More than a quarter of the British population have an Amazon Prime account

Amazon Prime members are estimated to spend double that of the average non-member each year, according to the Consumer Intelligence Research Partners.

And it has lots of Prime members to entice to buy more. According to Mintel, Amazon Prime has 15 million members. This means 26% of the British population have a Prime account while a further 13% share access through someone else’s account.

The subscription gives users unlimited one-day deliveries on hundreds of items, plus access to video and streaming services, combined with its vast product range, which is a big incentive to buy through Amazon rather than visit other websites or through brands directly.

Mintel associate director of retail Nick Carroll says Prime members tend to spend “significantly more” and shop “across a broader number of categories”.

2. Delivery options

Amazon is able to monetise its delivery with Prime because its delivery is so good. In fact, it tops Retail Week Indicator’s logistics ranking.

Amazon offers same-day, 90-minute, next-day, nominated-day, Saturday and Sunday and evening delivery.
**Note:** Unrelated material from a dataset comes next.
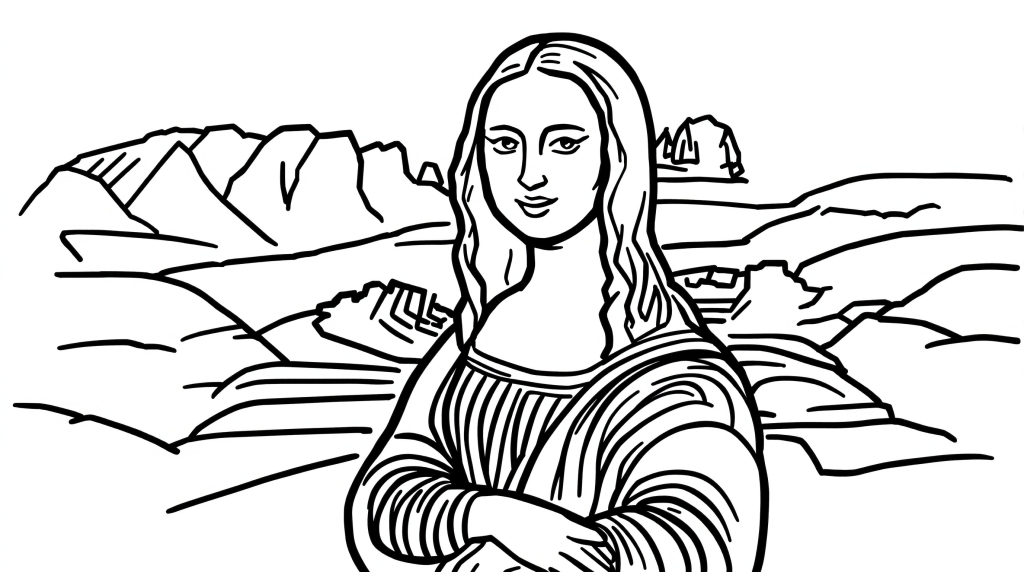 En nybörjarvänlig Mona Lisa målarbok med förenklad linjekonst och tjocka konturer.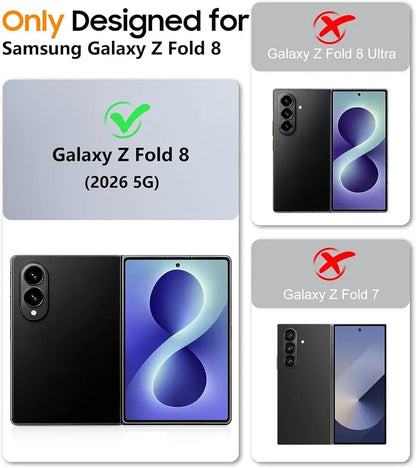 Samsung Z Fold8 Transparent Case, Crystal Clear Anti-Yellowing Back Cover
Basically, anything the customer could want, Amazon delivers.

It also offers a wide range of click-and-collect options, including collecting from Amazon Lockers, of which there are 2,200 in the UK, Doddle and the Post Office.

Its communication around delivery is also exemplary. Customers are texted details of their order and delivery times and even send a photo on delivery if the package is left unattended

Amazon lockers

There are 2,200 Amazon Lockers in the UK

Search is a fast-evolving part of retail, with the business investing in new technologies such as voice and visual to help shoppers get to the items they want to buy as quickly as possible.

Amazon gets the simple things right, such as autocomplete and suggestions of search terms as the customer types but has also been a pioneer of both voice and visual search, allowing people to search via a voice direction or take a photo of the product they want.

The online giant also allows customers to scan the barcode of a product, be it one they’ve already purchased or perhaps one they’re considering purchasing in a bricks-and-mortar store, to find it immediately on Amazon. This enables speedy price checking or purchase.

Alexa Echo Look

Amazon has been a pioneer of visual and voice search

It pays for Amazon to be great at search as it is actually the biggest search engine in terms of product search. According to marketing analytics firm Jumpshot, Amazon accounts for 54% of product searches and it already has a fast-growing advertising business with revenues of $10bn last year, monetising its strength in search.

Google UK director of retail and technology Martijn Bertisen says this could become a wider trend in retail as brands and retailers monetise their audience to create their own media businesses.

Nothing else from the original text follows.